Before getting on the boat, the Wellington mother of three had been wringing her hands in anxiety at the thought of getting into a speed boat.
"Are you girls scared?" she asked us. "No," we said. "Must be just me, then." And she pulled a little face, like she'd seen a monster.
With her two sons, she endured the 360-degree spins our driver put us through, the last-minute swerves as the boat sped toward trees looming out of the river. She even managed to smile as she gripped the safety rail with white-knuckled hands. At the end, with her pants dry, we applauded her bravery.
It's funny the things people are scared of. I knew a little girl from a war-torn African country who was frightened of my extremely easy- going cat. I love turbulent plane rides and scary landings at Wellington airport, but I won't go near a swing bridge. And my friend Monique, since dislocating her knee several years ago, is dubious about any sport that might make it pop out again. She quit serious rock-climbing after her knee gave way in Thailand because she got The Fear.
She wasn't scared of the Huka Jet. In fact, as we tried out mountain biking for the first time near Taupo's Craters of the Moon geothermal area, she seemed to be positively looking forward to just having to sit there while the boat did all the work.
Taupo is probably more famous for the annual Lake Taupo Cycle Challenge – a 160-kilometre road race around the lake – than it is for mountain biking. But the Wairakei forest north of Taupo is crisscrossed with tracks for mountain bikers.
The tracks are maintained by the local club, and are well signposted and graded so newbies on hired bikes don't end up falling off cliffs. A friend had warned me that tracks are graded from one to five.

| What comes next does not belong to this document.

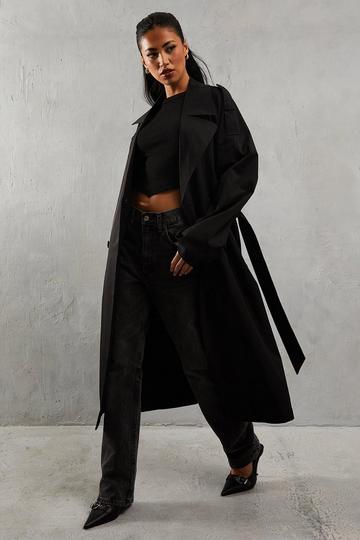 Black Double Breasted Trench Coat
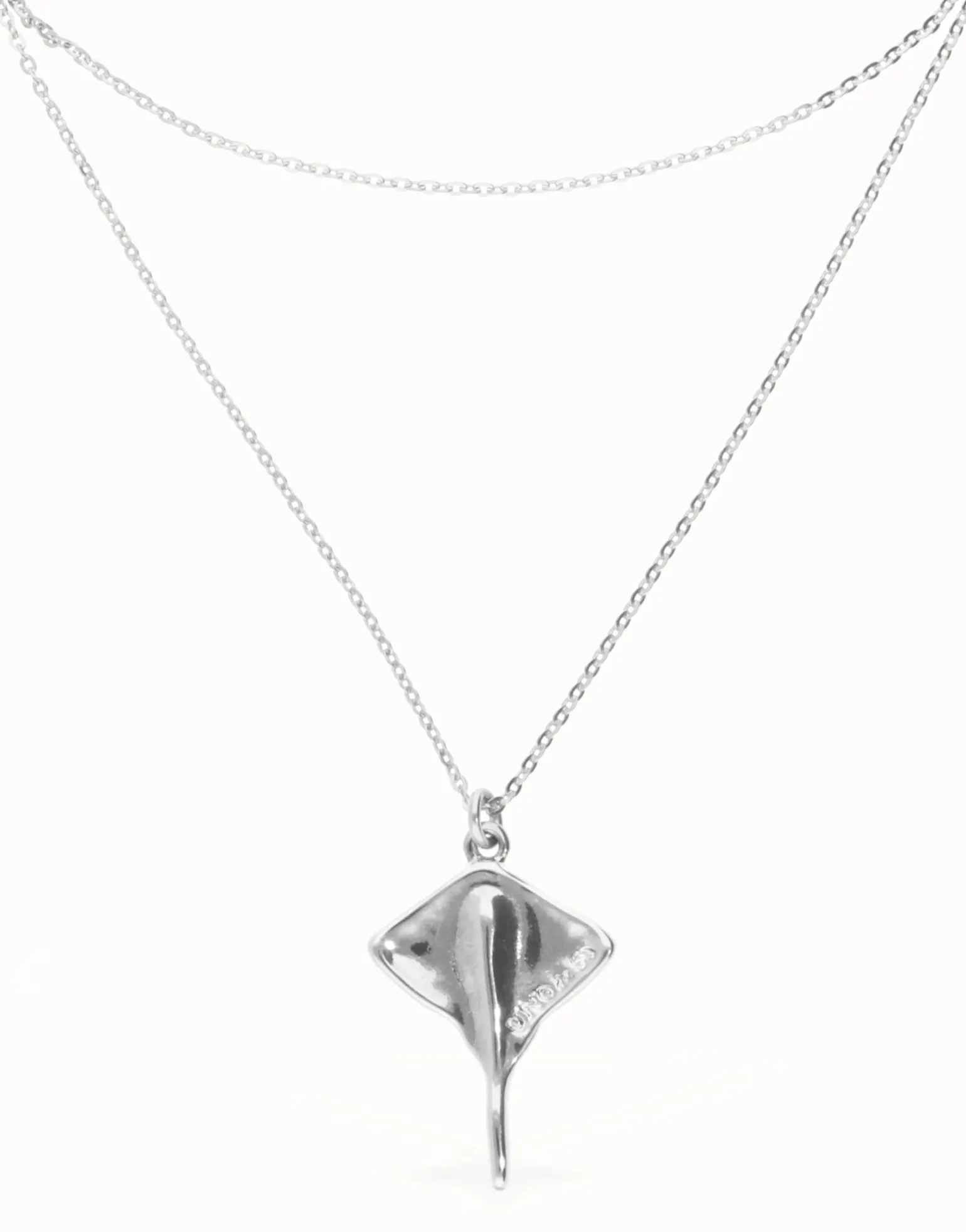 Multi strand chain necklace with manta ray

We started off with a grade two track called the Tourist Trap. Must be easy, we thought, with a name like that. With a bit of uphill at the beginning through pine forest, nice open wide tracks, sun breaking through the trees, we talked about whether we could get into the sport.
"I have a mountain biking story," Monique said, "about a woman who went biking with her partner, and he dislocated his knee. Not just the knee cap, but the whole joint. She had to pull it back into place. That's why I don't think I could do this sport. I couldn't do that."
Eeek. I knew mountain biking wasn't for old ladies, but I'm quite afraid of breaking bones and getting stuck with my leg hanging off. Suddenly those little downhills scattered with pine cones and tree roots, especially the ones that were narrow and rutted, looked perilous and life- threatening. I had been scared before we got on the bikes of how ridiculous I would look in my cycling shorts, but now I was terrified of plunging off a bank to certain pain.
However, when your hands are sweaty from riding and you're clasping the brakes really, really hard, it's quite liberating just to let them go, letting gravity do its thing. The track underneath our tyres felt spongy as we bounced along. I could have broken into song.
Next, we took on a grade three track. This one, the Tank Stand, had too much uphill for my liking, but coming downhill was superb. Monique wasn't so keen, and for quite a way we inched gingerly down when the track became too narrow and steep. But I loved it. I made a note to myself to ask Santa for a mountain bike this year.
At the bottom, buzzing from the great downhill, I took on a grade three track called Walter's Wiggles. It was incredibly peaceful, just the sound of my tyres across the pine needle-blanketed track, of water in my bottle sloshing, twigs cracking, and my lungs burning.
I stopped at the top of a hill and stood listening to the quiet, thinking I was in the middle of nowhere. Then I hopped back on the bike and found I was about five metres from the road and the car park where Monique lay in the shade waiting. I glimpsed myself in the rear-view mirror of the car. Face red, frizzy hair stuck with sweat to my forehead.
Bruises darkening on my knees where I'd missed a wiggle and careered into some bracken. That image should be enough to frighten off the most valiant adventure- seeker. But I wasn't frightened at all.